* _Supplied data_:

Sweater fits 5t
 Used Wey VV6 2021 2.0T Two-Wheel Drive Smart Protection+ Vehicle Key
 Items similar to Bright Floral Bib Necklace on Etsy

* _Task statement_:
All of the data above should be output exactly.

* _Solution to the problem_:
Sweater fits 5t
 Used Wey VV6 2021 2.0T Two-Wheel Drive Smart Protection+ Vehicle Key
 Items similar to Bright Floral Bib Necklace on Etsy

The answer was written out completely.